Un saggio dell'avvocato Jacques Vergès pone l'accento sulla tutela giuridica dell'indagato. Senza, non c'è libertà
Jacques Vergès è noto come l’avvocato del terrore (è il titolo di un film a lui dedicato), come difensore in giudizio del male incarnato – tra gli altri – in Klaus Barbie, criminale nazista, o in Carlos the Jackal (Ilich Ramirez Sanchez), terrorista comunista e poi islamista radicale. L’avocat de la terreur è anche celebre per il mistero che lo circonda, da lui sapientemente amministrato. Per nove anni, questo legale di grido e di buona famiglia borghese, le cui origini asiatico-coloniali sono immerse anch’esse nell’oscurità, scomparve del tutto dalla scena parigina e dal mondo pubblico, in un lungo percorso di privacy molto simile a una clandestinità. Sposò Djamila Boupasha, resistente algerina torturata dai paracadutisti francesi.
Ma la sua vita avventurosa, alla fine, è stata al servizio di una dottrina dreyfusarda classica, ispirata al più ferreo garantismo giuridico e all’avversione pugnace contro l’ingiustizia: accertare la colpevolezza di una persona, anche la più esposta al pregiudizio dell’opinione pubblica per crudeltà dell’immagine o per fragilità della condizione sociale, è un atto di giustizia che richiede mente sgombra, cuore aperto e libero, disponibilità a valutare ogni possibile elemento in ogni possibile direzione, fuori da un partito preso corporativo o di altra natura (religioso, castale). La giustizia che voglia onorare il proprio nome non può dunque che essere figlia, prima di ogni altra cosa, di una riforma morale del cuore e della mente umani: ingombrati, come ciascuno sa, proprio dal partito preso, dall’orgoglio di corpo, e dal multiforme preconcetto nelle sue varianti di conformismo culturale e di obbedienza clericale.
Nel suo esame degli errori giudiziari più noti, e famigerati, una summa di casi storici che Michel Foucault avrebbe chiamato “esperienze limite”, cioè luoghi di elaborazione e sperimentazione di nuova conoscenza, si rende chiaro che per dare soddisfazione a questa sete di vera giustizia non c’è che un modo, e solo uno: il rispetto certosino delle regole del gioco.
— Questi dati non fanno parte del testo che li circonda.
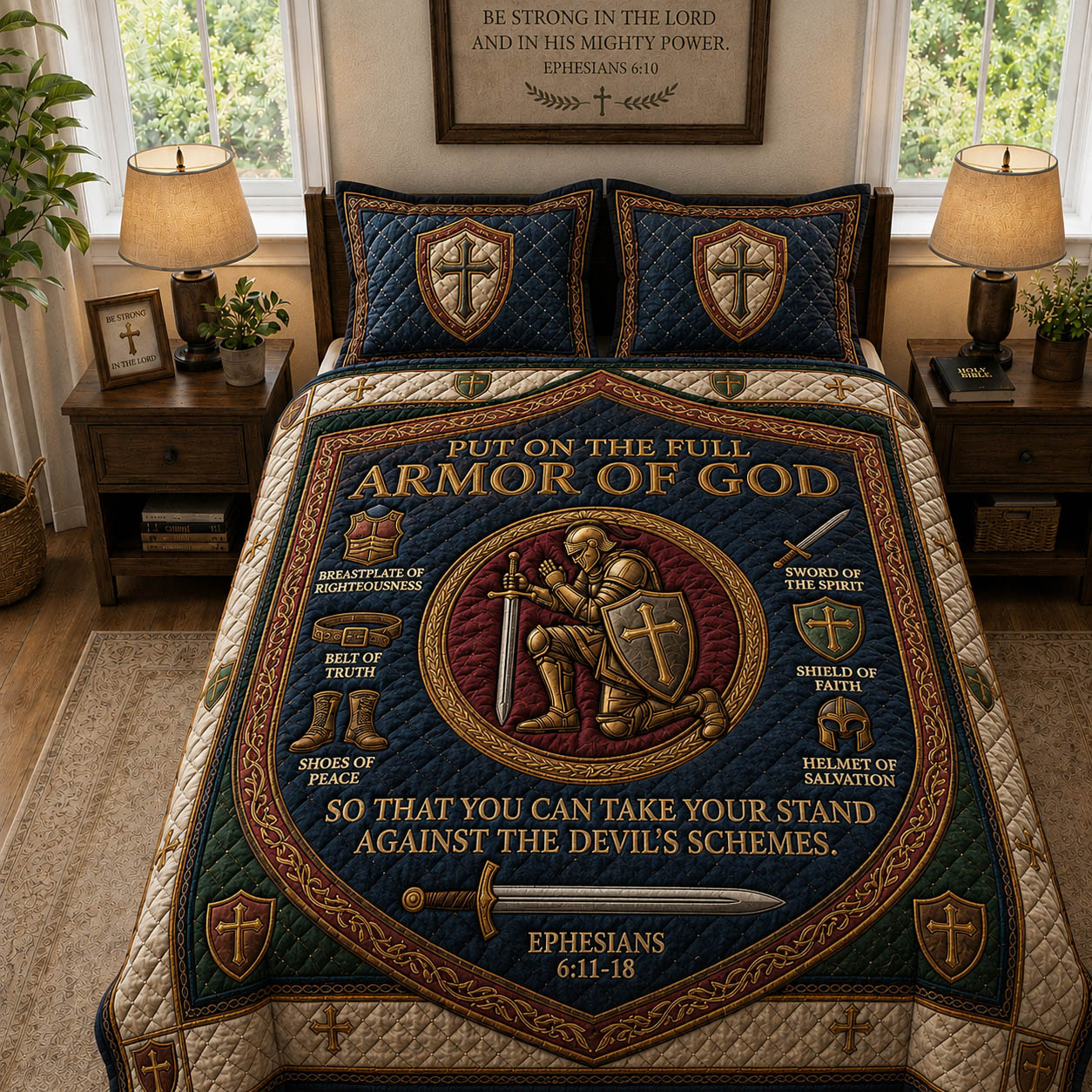 Armor Of God Ephesians 3-Piece Quilted Bedding Set GFTOLAN740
Nelle fasi decisive in cui si forma la prova – nel dibattimento processuale –, vale a dire la prova esposta alla dialettica delle deduzioni e controdeduzioni, ciò che importa è la limpida imparzialità di chi giudica nel disporre modi e forme di escussione dei testimoni, l’utilizzo degli esperti. E infine la valutazione della cosiddetta regina delle prove, la infida confessione, che con l’annessa chiamata in correità può essere il suggello apparentemente limpido e irrefutabile della peggiore delle ingiustizie...
I due casi giudiziari maggiori dell’Italia contemporanea, o almeno quelli che hanno scatenato passioni civili consapevoli in una direzione o nell’altra, e hanno nutrito vaste campagne mediatiche ancora non esaurite, sono il caso Sofri e il caso Berlusconi, diversi tra loro che più non si potrebbe ma accomunati dal ruolo principe della confessione (il racconto di Leonardo Marino sul delitto Calabresi, e la chiamata in correità per mandato omicida) e delle testimonianze (tutta la vicenda giudiziaria di Berlusconi, sul versante corruzione e su quello mafioso, è attraversata dalla caccia alle deposizioni di pentiti e dall’uso disinvolto di rancori e partito preso di natura personale e politica, accoppiato talvolta con un evidente abuso delle regole del gioco, come nel caso delle intercettazioni). Ma anche nelle faccende di cronaca più discusse e universalmente note – l’infanticidio di Cogne è solo un esempio – si rintracciano elementi decisivi della casistica sull’errore giudiziario analizzata in queste pagine: la televisione, poi, rende cruciale l’uso obliquo degli esperti, che foraggiano dall’esterno il dibattimento con una derrata ingente di opinioni libere spacciate per referti professionali...
La questione dei media la troviamo, rovesciata, già a pagina 29 di questo libretto, a conclusione del racconto riguardante il capitano Alfred Dreyfus. E la trasvalutazione del significato dell’informazione, cent’anni dopo il J’accuse di Émile Zola, è sorprendente.
Ma quanto ai media, ecco che l’appello garantista, il grido d’accusa zoliano in difesa dell’innocente, si trasforma nella sistematica funzione inquisitoria che una stampa cosiddetta di contropotere pretende di esercitare fin dentro la logica dei tribunali.